Recorded data
+-------+

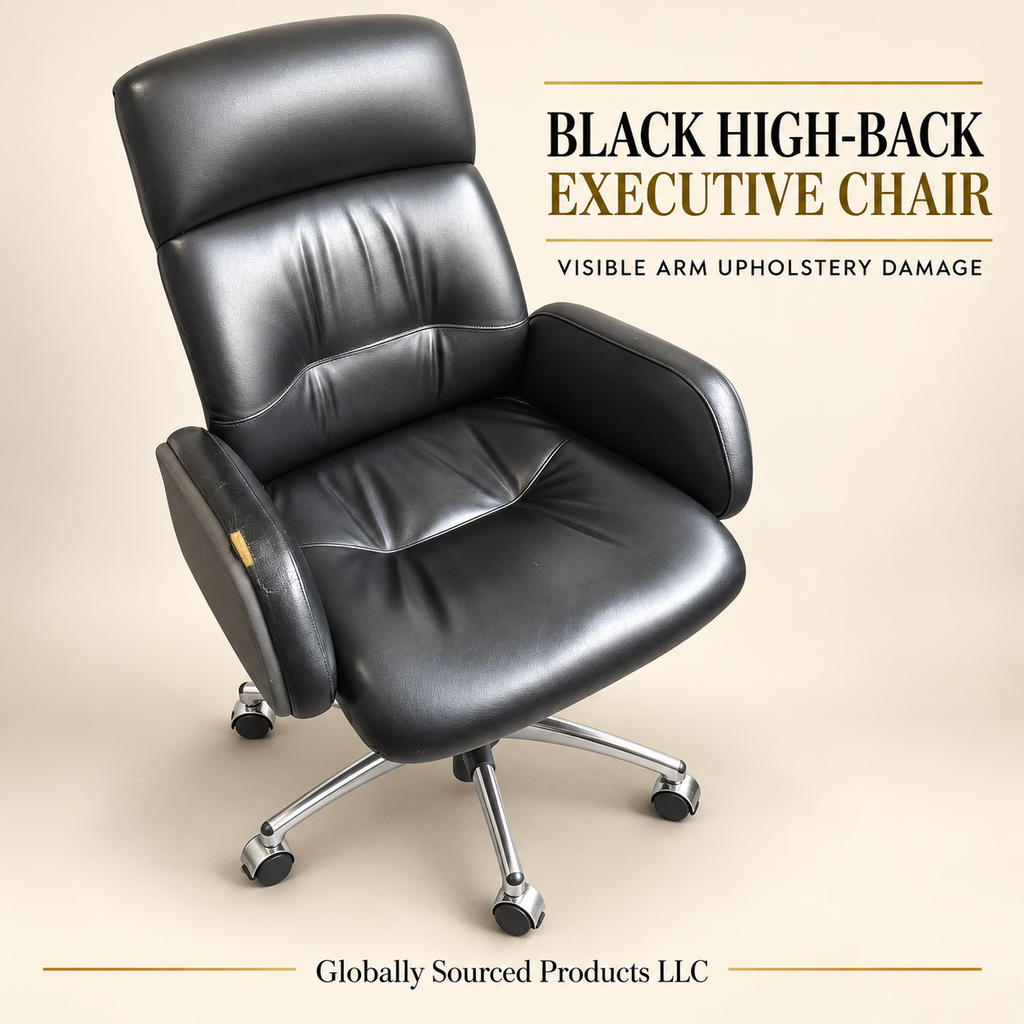 Black high-back chair; staged background with arm damage retained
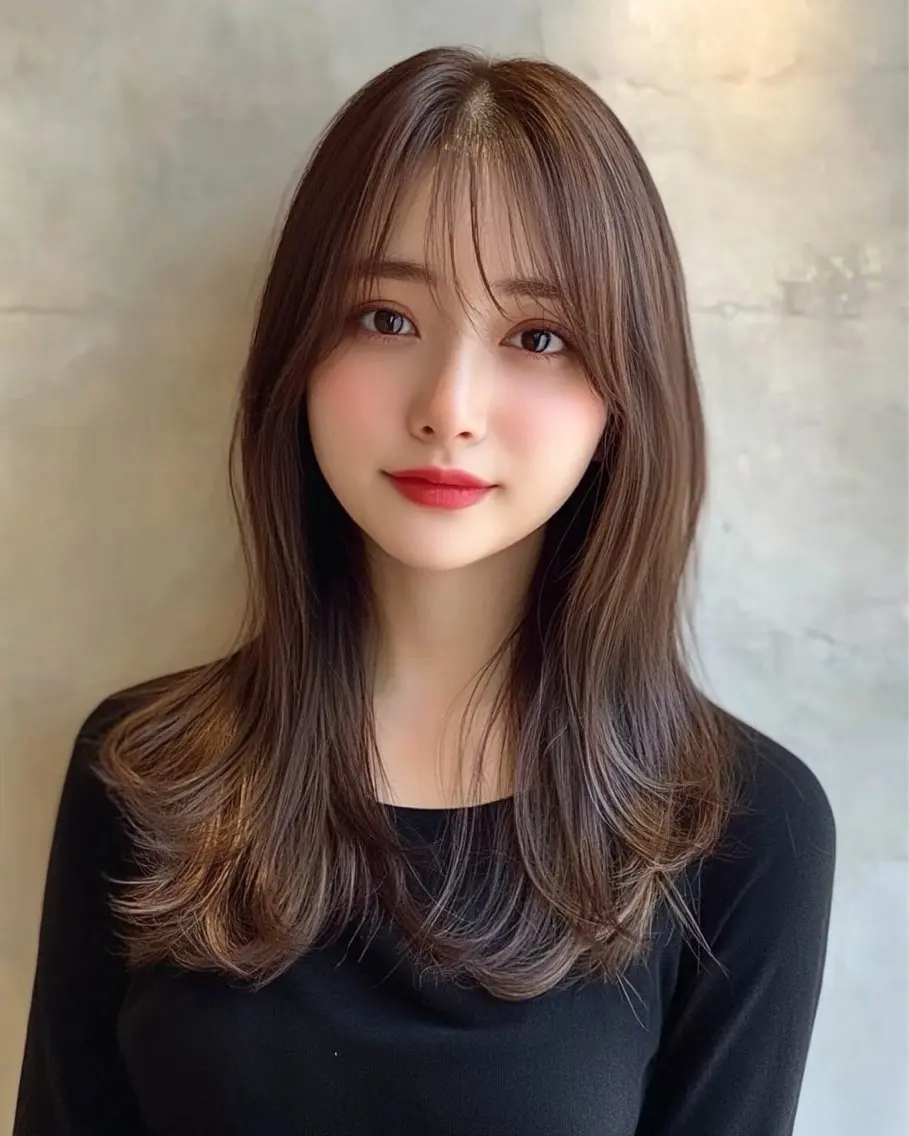 ミディアム カラー カット ヘアカラー トリートメント レイヤー×顔周 り×髪質改善/MIUのヘアスタイル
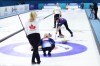 Canada's Jennifer Jones and Brent Laing play against Cory Thiesse and Korey Dropkin at the World Mixed Doubles Curling Championship in Gangneung, Korea on Friday, April 28, 2023. Canada will play for the bronze medal after falling 6-2 to the United States in the semifinal match. THE CANADIAN PRESS/HO-World Curling Federation-Stephen Fisher **MANDATORY CREDIT**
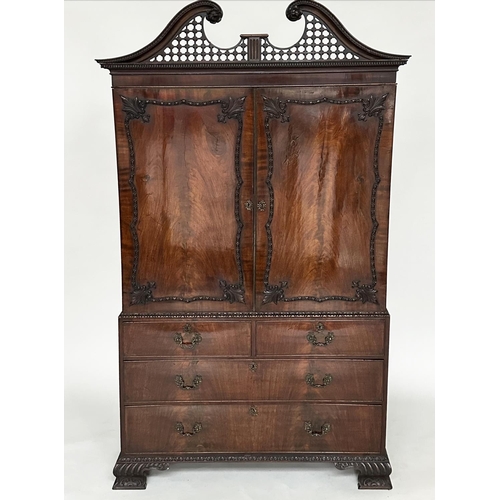 228 - LINEN PRESS, 18th century George III figured mahogany with swan neck cornice, carved panelled doors ... 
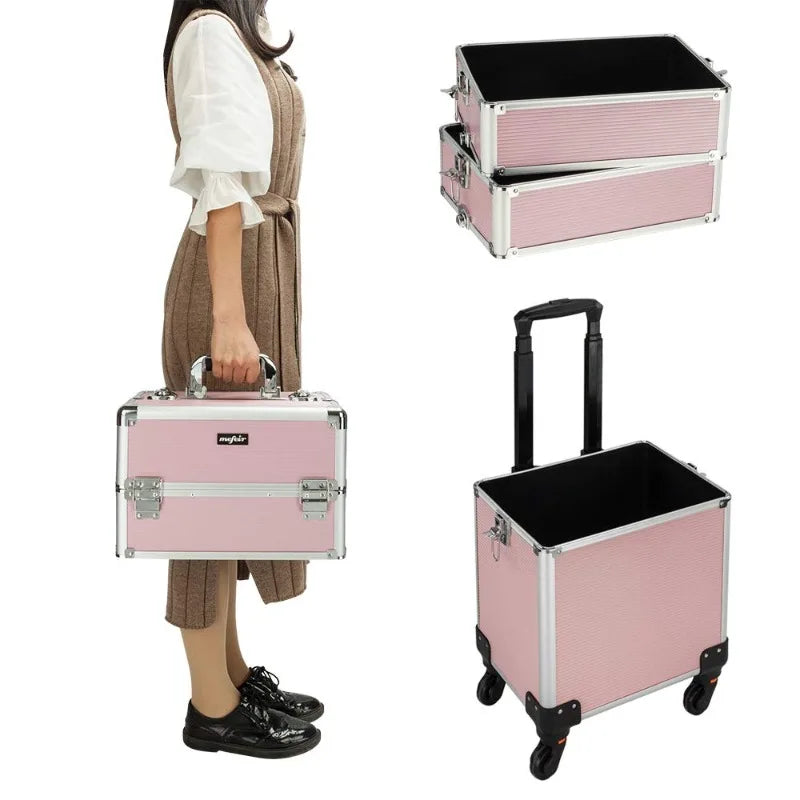 4 in 1 Rolling Makeup Train, Travel Suitcase on Wheels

+-------+

— What to do —
With the pictures left aside, set down each entry above exactly as it stands.

— Reply —
 Black high-back chair; staged background with arm damage retained
 ミディアム カラー カット ヘアカラー トリートメント レイヤー×顔周 り×髪質改善/MIUのヘアスタイル
 Canada's Jennifer Jones and Brent Laing play against Cory Thiesse and Korey Dropkin at the World Mixed Doubles Curling Championship in Gangneung, Korea on Friday, April 28, 2023. Canada will play for the bronze medal after falling 6-2 to the United States in the semifinal match. THE CANADIAN PRESS/HO-World Curling Federation-Stephen Fisher **MANDATORY CREDIT**
 228 - LINEN PRESS, 18th century George III figured mahogany with swan neck cornice, carved panelled doors ... 
 4 in 1 Rolling Makeup Train, Travel Suitcase on Wheels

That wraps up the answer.